Beau, you have posted endless times about all the "problems" your horse has. All I know is, if I saw an ad for your horse to lease I most certainly would run away quickly. A day rarely goes by (that you are not banned) that you do not post some 'oh my gaaaaawwwd' post about some aspect of your life. Usually about how your horse is "way too dangerous" or "way injured" or "so underfed" or......

This problem, if it is true, was brought on by you and only you.


----------



## HowClever (Feb 16, 2010)

When the photos don't show any improvement it hardly makes the emailer look like an incompetent ***...


----------



## beauforever23 (May 6, 2010)

Because, it's not meant to be drama everyone just turns it into more than it actually is. Oh I have to sign off for a little while and cool off. Maybe for a couple of days/weeks just to let things calm down. 

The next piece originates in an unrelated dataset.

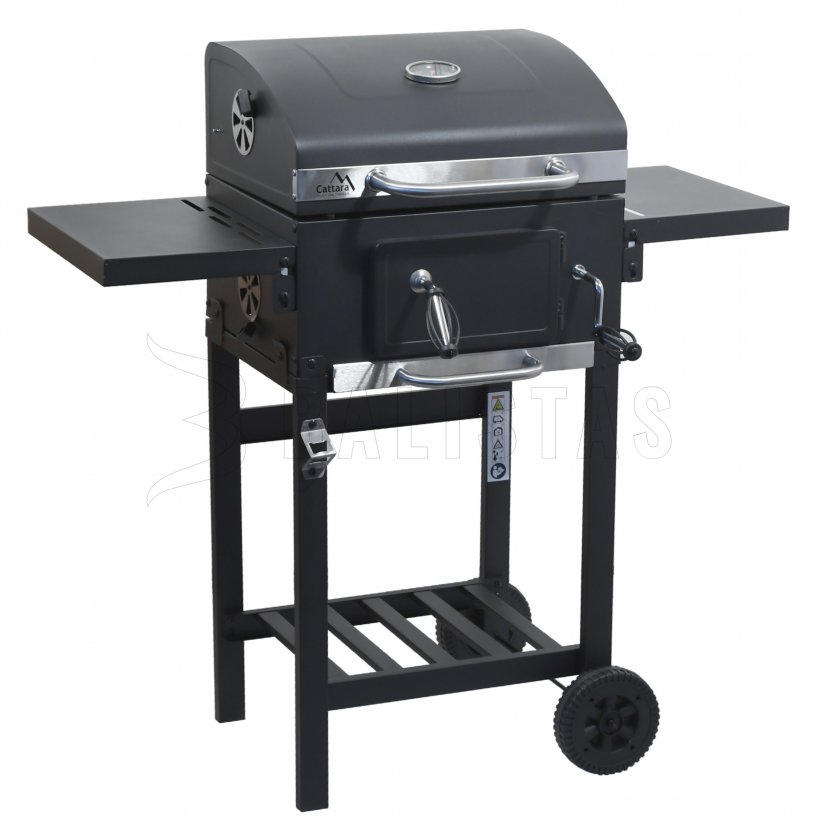 Gril au charbon de bois ROYAL PARTNER grille en fonte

He's showed improvement and I am getting him on probiotics too this week. Today actually. Last time the vet saw him he said he looks good.


----------



## riccil0ve (Mar 28, 2009)

Please, I beg of you, read my link.


----------



## beauforever23 (May 6, 2010)

Alwaysbehind said:


> I laughed way too hard at this line.
> 
> Hey, what do you know, maybe they have extra special t-shirts that have their own stash of stuff that our (general population) t-shirts are not so lucky to have.
> 
> ...


AB, I am aware of that. By the way I was banned twice... once because, I pretty much asked them too and the other time because I became to overwhelmed and slipped up. 

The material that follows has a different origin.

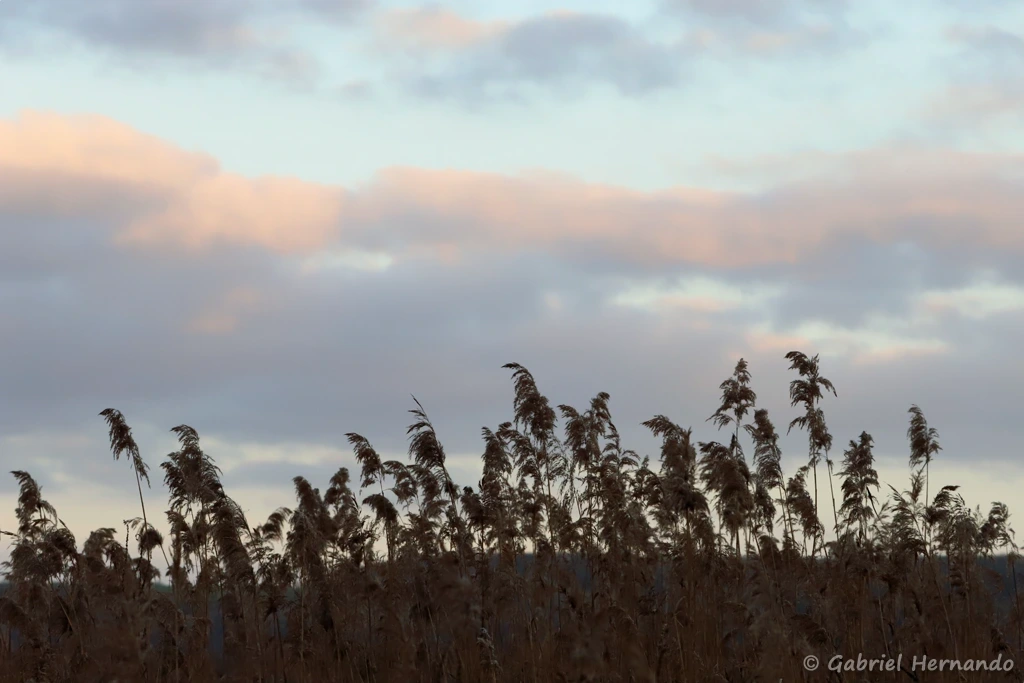 Couleurs du soir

yes he has problems which AGAIN are being attended too. 



HowClever said:


> When the photos don't show any improvement it hardly makes the emailer look like an incompetent ***...


Again, these photos don't do justice because of the angle. As soon as I can get decent confo pics I will and show you all how wrong you are.


----------



## mls (Nov 28, 2006)

beauforever23 said:


> I do and everyone else at the barn does but, he is doing better. I know the photo is a hard angle but, I didn't post the pictures for a judgement. I just posted them to show that whoever emailed me is an incompetent ***.


Then why did you post them? You wanted us to say - oh yes he is better. You are asking us to make a judgement call.

As for the e-mail - ignoring it would have been the better route. Now you have done exactly what they wanted and turned a poke into a fight.


----------



## HowClever (Feb 16, 2010)

I have just glanced back over your threads, just the ones posted since you came back from your last banning. 90% of them are all about the drama.

Let's not forget the recent cat neuter/world ending topic. Not even sure how those 2 things wound up being posted about together...


----------



## Dusty1228 (Dec 2, 2010)

Hahahahahaha! You're right AB, maybe I made a snap judgment thinking they had made an error. :lol::lol::lol: For all I know I poofed my self right out of the deal of the century! :-|

I've not kept up with other posts from OP, so I had no idea about other posts, horse drama, injuries, conditions, etc. I simply MUST research!


----------



## beauforever23 (May 6, 2010)

mls - i posted them because the first picture is from the first day I brought him back and the second picture is from 30 days later. So is there a whole ton of improvement just in those two pictures NO but, (yes I know the commas) it shows a little bit of improvement in just 30 days. 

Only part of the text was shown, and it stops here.